Alors pour faire de la France « la première puissance économique mondiale », l’auteur nous a conduit à une réflexion sur notre histoire. Pays admirablement doté, le seul État à disposer de quatre façades maritimes, la Manche, la mer du Nord, l’Atlantique et la Méditerranée, la France est restée vissée à la terre, comme la bernique au rocher.

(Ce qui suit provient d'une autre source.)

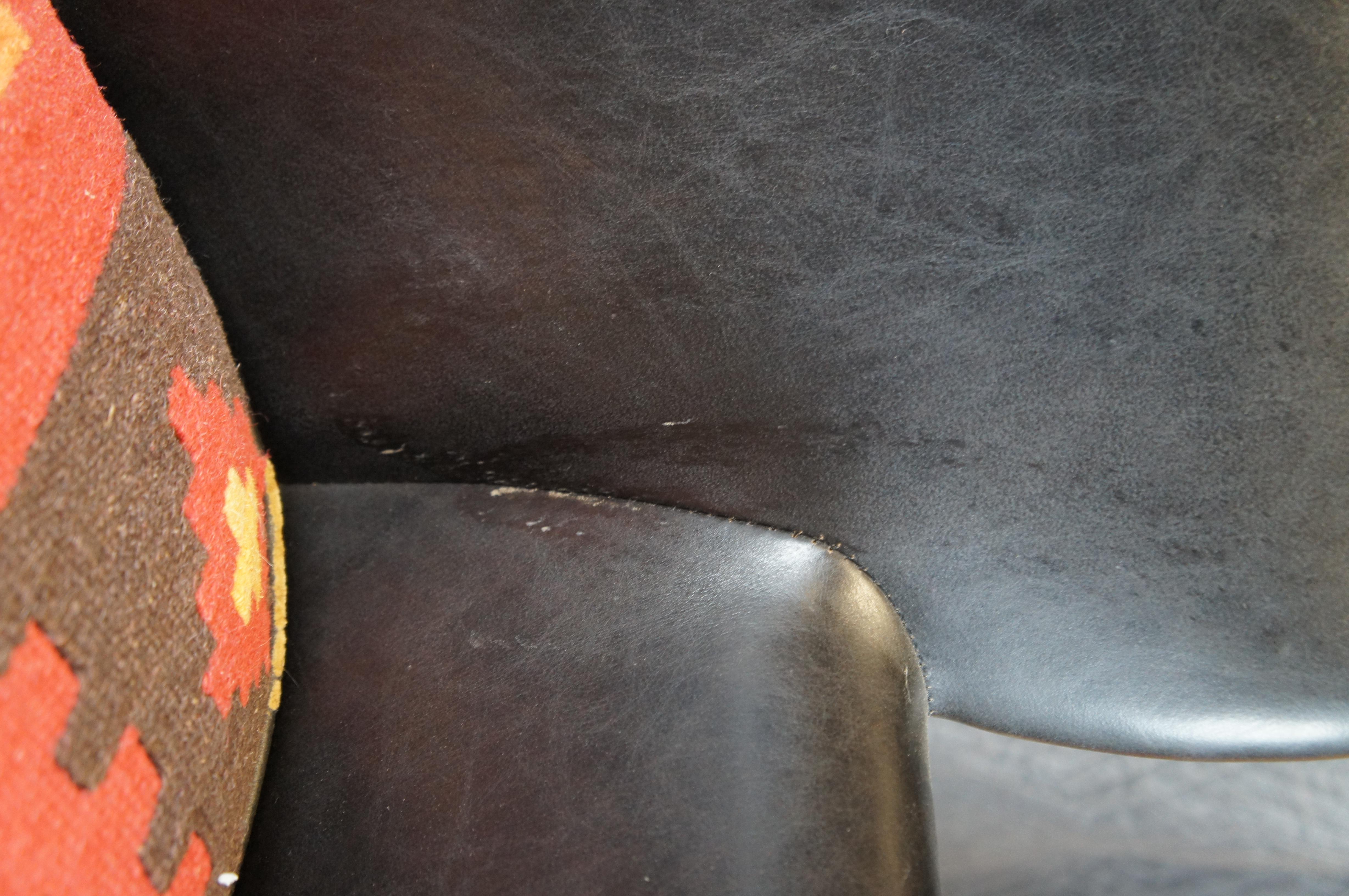 Southwestern Aluminum Black Leather Wingback Professor Aviator Armchair 3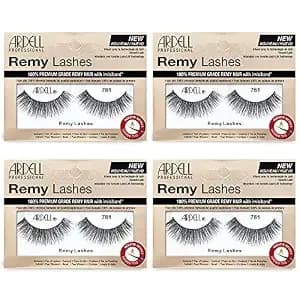 Ardell Remy Lash 781, Premium Grade Remy Hair False Lashes With Invisiband, 4 Pairs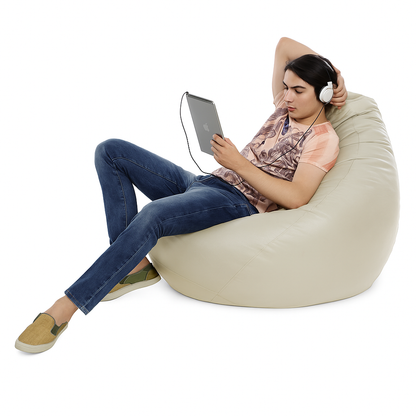 Style Homez Premium Leatherette Classic Jumbo Bean Bag Jumbo Size SAC BEIGE Color Filled with Beans Fillers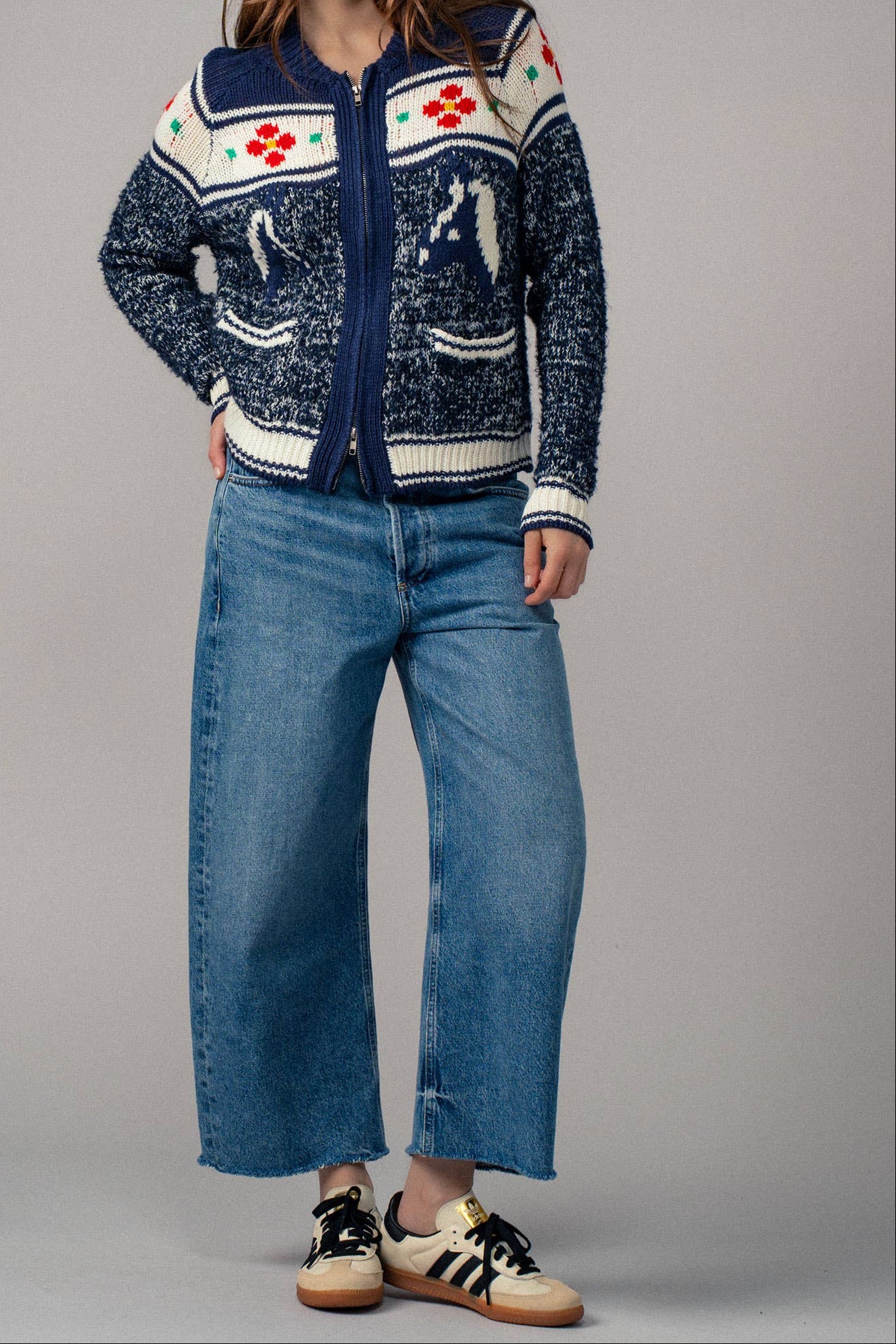 Floral Yoke Zip Up Knit Cardigan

Les raisons sont multiples, et l’histoire tout comme l’économie apporte des éléments d’explication. La place de l’agriculture, mais également son archaïsme, ont pu expliquer une certaine forme d’immobilisme. Les flux du commerce des céréales par exemple ont été volontairement bridés jusqu’au XVIIIe siècle, et paradoxalement la situation géographique de la France et sa démographie, pays le plus peuplé d’Europe, ont pu constituer un obstacle au développement.
Aborder l’histoire humaine sous le prisme du maritime renouvelle totalement la géopolitique. Cela peut sembler une évidence, mais il convient dans cette troisième partie d’en prendre la mesure et d’envisager clairement la mer comme une nouvelle frontière.
Le navigateur Éric Tabarly disait : « la mer pour les Français, c’est ce qu’ils ont dans le dos, lorsqu’ils regardent la plage ». Il est temps que cela change. La France dispose d’atouts considérables, de savoir-faire immense dans ce domaine, en termes de construction navale notamment. Les fonds océaniques offrent d’immenses perspectives, mais il faudra bien que le débat public s’en empare. Lorsque l’on dispose du deuxième domaine maritime du monde, il semble évident que l’on envisage son développement et sa mise en valeur.
Réserve d’espace, de nourriture, de ressources minérales et énergétiques, dans un monde terrestre qui apparaît fini, la mer est riche de perspectives, mais nous aurons aussi à la protéger, car elle constitue, à une plus grande échelle encore que l’Amazone et sa forêt primaire, notre avenir environnemental, c’est-à-dire notre avenir tout court.